I was standing in line, waiting to pick up some photos.
In front of me, a woman stood with her infant son in a pram. The baby was very young, maybe two months old – maybe less. The pram was rearward facing so the baby could see his mother. I could see both the baby’s face and the mother’s profile.
The baby was an outrageous cutie. And at that wonderful age where he is just beginning to really communicate. He was cooing and smiling, raising his little eyebrows at his mother.
I was so enamoured of this darling baby that I would not be surprised if I spontaneously ovulated, then and there. He was GORGEOUS.
But as my body prepared for conception, the baby’s mother remained impassive. And it’s not that she didn’t see him. She wasn’t distracted or looking elsewhere. She was looking right at him. Staring, almost vacantly, as though regarding a stranger. His little eyebrows jumped up and down, his little mouth working to form sounds. And all the while, his mother stood motionless, expressionless.

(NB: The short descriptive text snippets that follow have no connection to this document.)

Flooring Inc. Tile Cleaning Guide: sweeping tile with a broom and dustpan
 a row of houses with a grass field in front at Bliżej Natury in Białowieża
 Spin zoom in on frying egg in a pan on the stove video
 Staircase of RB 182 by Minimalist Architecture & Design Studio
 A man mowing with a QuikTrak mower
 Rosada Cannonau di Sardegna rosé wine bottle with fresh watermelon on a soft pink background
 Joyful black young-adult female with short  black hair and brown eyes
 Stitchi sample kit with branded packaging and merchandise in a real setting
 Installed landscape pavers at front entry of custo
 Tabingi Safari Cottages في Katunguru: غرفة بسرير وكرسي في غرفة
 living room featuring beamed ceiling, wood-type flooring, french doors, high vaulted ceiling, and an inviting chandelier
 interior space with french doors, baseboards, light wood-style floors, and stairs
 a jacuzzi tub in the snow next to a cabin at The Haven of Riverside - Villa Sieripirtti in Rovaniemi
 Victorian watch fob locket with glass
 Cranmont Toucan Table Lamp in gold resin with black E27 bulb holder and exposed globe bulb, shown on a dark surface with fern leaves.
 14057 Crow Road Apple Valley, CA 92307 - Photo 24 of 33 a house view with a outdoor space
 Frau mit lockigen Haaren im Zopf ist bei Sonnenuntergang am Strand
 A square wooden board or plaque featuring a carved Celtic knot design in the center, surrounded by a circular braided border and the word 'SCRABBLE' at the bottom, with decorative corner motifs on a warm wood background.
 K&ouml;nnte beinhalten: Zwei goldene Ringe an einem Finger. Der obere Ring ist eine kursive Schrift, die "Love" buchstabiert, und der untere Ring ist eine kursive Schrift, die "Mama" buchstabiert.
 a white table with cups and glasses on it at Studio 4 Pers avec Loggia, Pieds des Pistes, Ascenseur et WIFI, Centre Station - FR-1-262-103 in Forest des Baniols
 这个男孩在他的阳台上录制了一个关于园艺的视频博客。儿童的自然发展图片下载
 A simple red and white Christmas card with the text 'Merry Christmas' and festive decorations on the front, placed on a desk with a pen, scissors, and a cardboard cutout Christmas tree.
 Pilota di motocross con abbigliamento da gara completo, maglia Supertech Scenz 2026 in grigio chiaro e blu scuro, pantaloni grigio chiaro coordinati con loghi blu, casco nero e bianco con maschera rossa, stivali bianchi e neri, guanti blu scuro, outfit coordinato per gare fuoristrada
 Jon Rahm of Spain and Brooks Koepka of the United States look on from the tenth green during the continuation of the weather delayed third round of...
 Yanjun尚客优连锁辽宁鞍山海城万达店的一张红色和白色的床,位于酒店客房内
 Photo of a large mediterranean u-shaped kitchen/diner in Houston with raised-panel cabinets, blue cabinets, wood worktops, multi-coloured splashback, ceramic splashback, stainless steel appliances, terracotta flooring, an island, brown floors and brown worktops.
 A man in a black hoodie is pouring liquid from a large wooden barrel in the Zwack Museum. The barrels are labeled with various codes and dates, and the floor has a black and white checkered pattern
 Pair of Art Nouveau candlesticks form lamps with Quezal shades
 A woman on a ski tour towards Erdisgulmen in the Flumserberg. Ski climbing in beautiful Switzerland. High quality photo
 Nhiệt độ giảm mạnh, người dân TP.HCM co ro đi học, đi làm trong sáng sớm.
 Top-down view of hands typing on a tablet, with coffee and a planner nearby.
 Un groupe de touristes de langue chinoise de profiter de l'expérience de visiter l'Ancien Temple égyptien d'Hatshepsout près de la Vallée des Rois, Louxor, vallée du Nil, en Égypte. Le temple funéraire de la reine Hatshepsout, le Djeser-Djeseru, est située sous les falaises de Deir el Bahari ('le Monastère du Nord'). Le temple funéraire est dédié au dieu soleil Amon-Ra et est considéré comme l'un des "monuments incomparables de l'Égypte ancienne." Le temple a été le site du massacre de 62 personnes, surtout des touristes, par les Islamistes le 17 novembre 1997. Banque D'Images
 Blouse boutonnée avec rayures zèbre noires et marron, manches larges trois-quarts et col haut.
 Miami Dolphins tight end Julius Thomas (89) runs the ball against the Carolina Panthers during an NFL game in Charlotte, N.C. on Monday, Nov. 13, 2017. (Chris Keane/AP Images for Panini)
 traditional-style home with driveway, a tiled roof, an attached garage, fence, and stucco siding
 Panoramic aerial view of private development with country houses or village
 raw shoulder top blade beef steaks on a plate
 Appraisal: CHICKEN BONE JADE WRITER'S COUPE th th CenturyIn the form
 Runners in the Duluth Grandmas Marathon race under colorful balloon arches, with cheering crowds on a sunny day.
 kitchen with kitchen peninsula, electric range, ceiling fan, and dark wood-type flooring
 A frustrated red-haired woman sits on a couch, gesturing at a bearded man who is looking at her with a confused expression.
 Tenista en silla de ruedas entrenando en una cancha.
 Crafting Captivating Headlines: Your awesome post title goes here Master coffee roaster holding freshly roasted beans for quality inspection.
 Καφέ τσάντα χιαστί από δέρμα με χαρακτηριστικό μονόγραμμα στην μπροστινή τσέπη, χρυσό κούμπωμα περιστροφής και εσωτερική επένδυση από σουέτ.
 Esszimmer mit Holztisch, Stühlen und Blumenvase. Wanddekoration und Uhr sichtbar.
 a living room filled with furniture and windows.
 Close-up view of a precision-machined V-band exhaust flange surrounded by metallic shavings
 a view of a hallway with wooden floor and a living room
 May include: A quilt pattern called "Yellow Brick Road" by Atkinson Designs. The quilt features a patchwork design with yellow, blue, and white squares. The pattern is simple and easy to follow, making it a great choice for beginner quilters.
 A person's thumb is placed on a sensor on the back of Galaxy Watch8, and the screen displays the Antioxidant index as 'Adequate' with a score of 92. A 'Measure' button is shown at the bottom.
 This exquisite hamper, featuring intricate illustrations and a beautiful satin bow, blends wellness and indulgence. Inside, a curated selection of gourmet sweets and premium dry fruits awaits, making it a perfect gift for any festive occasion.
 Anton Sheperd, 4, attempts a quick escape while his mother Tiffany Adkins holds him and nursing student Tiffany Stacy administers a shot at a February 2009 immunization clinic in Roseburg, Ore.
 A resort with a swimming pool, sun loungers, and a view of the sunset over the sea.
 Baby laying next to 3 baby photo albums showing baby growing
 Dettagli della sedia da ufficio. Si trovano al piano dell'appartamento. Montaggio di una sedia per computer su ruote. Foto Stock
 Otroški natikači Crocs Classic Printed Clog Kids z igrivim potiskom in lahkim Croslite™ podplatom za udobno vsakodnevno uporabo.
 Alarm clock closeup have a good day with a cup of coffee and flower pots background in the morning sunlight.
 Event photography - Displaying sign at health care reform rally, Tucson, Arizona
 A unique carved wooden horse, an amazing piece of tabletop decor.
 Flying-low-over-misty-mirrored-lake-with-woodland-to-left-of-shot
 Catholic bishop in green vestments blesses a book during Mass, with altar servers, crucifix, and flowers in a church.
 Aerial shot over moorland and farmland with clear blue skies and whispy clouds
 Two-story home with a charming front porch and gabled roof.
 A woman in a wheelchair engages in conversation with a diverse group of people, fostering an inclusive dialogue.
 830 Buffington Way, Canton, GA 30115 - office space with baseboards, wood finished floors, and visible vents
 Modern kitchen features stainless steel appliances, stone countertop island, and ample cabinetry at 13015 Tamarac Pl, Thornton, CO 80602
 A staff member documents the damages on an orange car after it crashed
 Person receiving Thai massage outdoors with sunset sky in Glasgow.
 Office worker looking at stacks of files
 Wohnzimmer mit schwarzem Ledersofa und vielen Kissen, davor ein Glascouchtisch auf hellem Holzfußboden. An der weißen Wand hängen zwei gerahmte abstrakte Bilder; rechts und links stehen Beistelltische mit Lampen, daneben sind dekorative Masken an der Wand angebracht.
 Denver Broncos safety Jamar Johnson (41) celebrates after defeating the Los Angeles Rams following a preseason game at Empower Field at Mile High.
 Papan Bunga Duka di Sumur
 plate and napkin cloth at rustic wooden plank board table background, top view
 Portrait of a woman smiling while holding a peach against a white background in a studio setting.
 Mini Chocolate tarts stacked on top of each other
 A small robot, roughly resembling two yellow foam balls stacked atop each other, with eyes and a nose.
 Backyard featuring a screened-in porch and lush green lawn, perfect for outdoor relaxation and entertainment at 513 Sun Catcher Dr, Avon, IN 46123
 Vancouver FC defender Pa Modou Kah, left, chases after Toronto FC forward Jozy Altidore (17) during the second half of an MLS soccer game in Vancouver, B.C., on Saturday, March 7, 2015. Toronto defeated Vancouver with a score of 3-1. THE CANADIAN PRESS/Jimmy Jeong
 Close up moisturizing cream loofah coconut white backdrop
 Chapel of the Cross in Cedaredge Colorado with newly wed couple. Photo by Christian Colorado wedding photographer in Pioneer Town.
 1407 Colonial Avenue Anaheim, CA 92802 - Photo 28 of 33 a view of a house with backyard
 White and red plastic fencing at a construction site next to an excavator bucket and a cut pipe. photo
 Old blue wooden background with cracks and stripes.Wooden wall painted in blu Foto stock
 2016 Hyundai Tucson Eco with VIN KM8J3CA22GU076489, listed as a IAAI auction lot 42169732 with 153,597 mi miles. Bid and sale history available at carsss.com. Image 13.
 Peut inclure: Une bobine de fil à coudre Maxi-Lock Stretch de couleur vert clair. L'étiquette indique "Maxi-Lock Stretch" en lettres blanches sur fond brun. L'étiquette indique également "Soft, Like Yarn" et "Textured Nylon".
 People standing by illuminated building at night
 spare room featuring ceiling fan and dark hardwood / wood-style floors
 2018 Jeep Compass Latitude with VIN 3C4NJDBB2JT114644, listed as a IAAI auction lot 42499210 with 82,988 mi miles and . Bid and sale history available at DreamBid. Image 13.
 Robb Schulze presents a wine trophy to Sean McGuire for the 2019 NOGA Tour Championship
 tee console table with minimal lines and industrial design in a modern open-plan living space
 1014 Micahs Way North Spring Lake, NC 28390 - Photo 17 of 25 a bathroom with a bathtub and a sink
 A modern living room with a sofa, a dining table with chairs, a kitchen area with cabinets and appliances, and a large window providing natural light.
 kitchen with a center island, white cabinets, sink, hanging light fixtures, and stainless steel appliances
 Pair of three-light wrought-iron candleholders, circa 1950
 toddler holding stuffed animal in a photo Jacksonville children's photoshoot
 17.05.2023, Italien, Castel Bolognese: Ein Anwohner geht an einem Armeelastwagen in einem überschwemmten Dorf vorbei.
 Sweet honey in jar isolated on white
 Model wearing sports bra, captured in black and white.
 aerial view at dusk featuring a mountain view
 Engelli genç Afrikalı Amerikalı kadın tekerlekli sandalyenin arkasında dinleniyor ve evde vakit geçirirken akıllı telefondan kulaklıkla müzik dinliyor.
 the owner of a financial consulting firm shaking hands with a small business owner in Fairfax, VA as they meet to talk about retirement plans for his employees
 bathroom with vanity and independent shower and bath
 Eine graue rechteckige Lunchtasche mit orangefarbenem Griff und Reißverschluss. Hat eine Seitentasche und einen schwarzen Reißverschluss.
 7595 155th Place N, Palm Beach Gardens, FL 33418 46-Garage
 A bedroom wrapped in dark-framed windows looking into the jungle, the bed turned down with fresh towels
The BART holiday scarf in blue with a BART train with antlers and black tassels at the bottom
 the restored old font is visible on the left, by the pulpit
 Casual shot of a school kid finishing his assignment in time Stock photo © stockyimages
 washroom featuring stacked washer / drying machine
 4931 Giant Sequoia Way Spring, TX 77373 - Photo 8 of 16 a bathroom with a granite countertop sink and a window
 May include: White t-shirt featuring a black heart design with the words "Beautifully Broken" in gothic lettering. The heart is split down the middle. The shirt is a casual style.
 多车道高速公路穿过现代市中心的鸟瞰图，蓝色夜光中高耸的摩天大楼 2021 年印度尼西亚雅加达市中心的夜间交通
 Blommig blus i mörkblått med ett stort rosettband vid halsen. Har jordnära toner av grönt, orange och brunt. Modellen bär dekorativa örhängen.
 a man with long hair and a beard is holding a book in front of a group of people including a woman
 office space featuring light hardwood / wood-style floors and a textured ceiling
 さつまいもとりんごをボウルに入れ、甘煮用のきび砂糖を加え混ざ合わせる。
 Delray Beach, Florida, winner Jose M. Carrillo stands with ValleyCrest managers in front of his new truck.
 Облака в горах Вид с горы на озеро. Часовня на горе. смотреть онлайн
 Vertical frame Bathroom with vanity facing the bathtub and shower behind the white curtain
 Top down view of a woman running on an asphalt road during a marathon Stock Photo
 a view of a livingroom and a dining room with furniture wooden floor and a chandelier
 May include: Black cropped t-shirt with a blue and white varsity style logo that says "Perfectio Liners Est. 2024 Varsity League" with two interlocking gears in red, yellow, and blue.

Not responding.
It was so incredibly odd.
And sad.
Could she have been someone who just isn’t a gushy baby person? Sure. But even then, she might have engaged in some way with her child who was so clearly trying to ‘talk’ to her.
This woman was not only unmoved by her son’s cuteness but almost removed from the entire situation. She was….vacant. She observed the baby. But she didn’t interact. She had a haunted look, like she was outside of her own body.
It was the strangest thing.
And I haven’t been able to erase the image from my mind.
I wanted to reach out to her. I wanted to make some kind of connection. I wanted to tell her she had a beautiful son.
But I remained silent.
I had the strongest feeling that this woman was suffering.
But I just shut up.
Because who the hell am I to ask her if she’s okay?
After LD was born, I was euphoric. Cloud nine stuff. It was dream-like. I was so in love with my son and my situation. It all just worked and when it didn’t, I trusted myself to get through it. I was, I must say, amazing. I was chilled. I don’t do chilled. Of all the things I am, chilled? No.
But by the same token, I felt the fragility of being a mother. There were times when I felt I was walking an emotional tightrope. And as I sat cradling my newborn son, in those very early days, I was sometimes overcome with what a responsibility this tiny life was and how frightening it was to think that he was entrusted to me, hormonal and raw and discovering a new realm of exhaustion as I was. I thought about what it might be like if I removed my support network. If I replaced a loving partner with an abusive one. If substance abuse, mental illness or entrenched unemployment were part of the equation. I imagined taking everything that I needed and relied on away and I came to see how people will do things that we could otherwise not fathom. And it scared me.
So I was filled with a powerful empathy for other mothers. It felt natural to engage with them. And for the most part, I found other mums reciprocated.
Until December 2007. It was the Christmas rush and I was mailing something at the post office. They were crazy busy. But I was still euphoric and floating a couple of centimetres off the ground. LD was being angelic in his pram. LD was always angelic in his pram.
A woman entered the post office. She had a very, very little baby with her and she carried him in a Baby Bjorn strapped to her chest. The baby was screaming. Absolutely screaming. The woman was packing something into an envelope and addressing it. She jiggled and shh shh’d the baby every now and then. The baby continued to scream. And the woman looked like she was about to splinter into a thousand tiny pieces.
I could see that once she was done, she would have to wait in the long line to pay.
I approached her.
“Hi,” I said. “Can I give you a hand?”
I thought maybe I could stand in line for her and pay while she soothed the baby.
“No!” she snapped, not looking at me. “Can you just go away please.”
I recoiled as though she had struck me. I was stung.
“Okay,” was all I said and I got the fuck out of there.
In the minutes and even hours afterward, I tossed the situation about in my mind. Of course, I was hurt. Fuck, I was only trying to help. But then, who the fuck was I to interfere? But then, what kind of idiot carries a tiny baby facing outwards in the Baby Bjorn? Everyone knows newborn babies like to snuggle into their mothers. But how the fuck do you know what the baby likes? Maybe the baby hates being in that position, you fucking know-it-all. But then couldn’t she just take a minute to cuddle her baby and then keep on doing what she was doing? But who’s to say that baby hasn’t been crying for six straight hours and the mother is just trying to run some fucking errands and the whole thing is hard enough and now you’ve blown in like fucking Mother Theresa and made her feel like a fucking failure. Ahhhhhhhhhhhh!
So. This time around, you could say I was gun-shy.
It wasn’t as though I was going to tell this woman I thought she needed help. Of course not. I wouldn't have even asked how she was feeling. What kind of presumptuous fuck would that make me? But I felt so strongly that I should connect with her, just for a moment.
Honestly, I don’t know what’s appropriate. And while some women feel the same bond of motherhood I do, others won’t. So I said nothing. Maybe wisely.
But I do regret not telling her how beautiful her son was. Because he really was. And I think, no matter what, she might have got a kick out of that.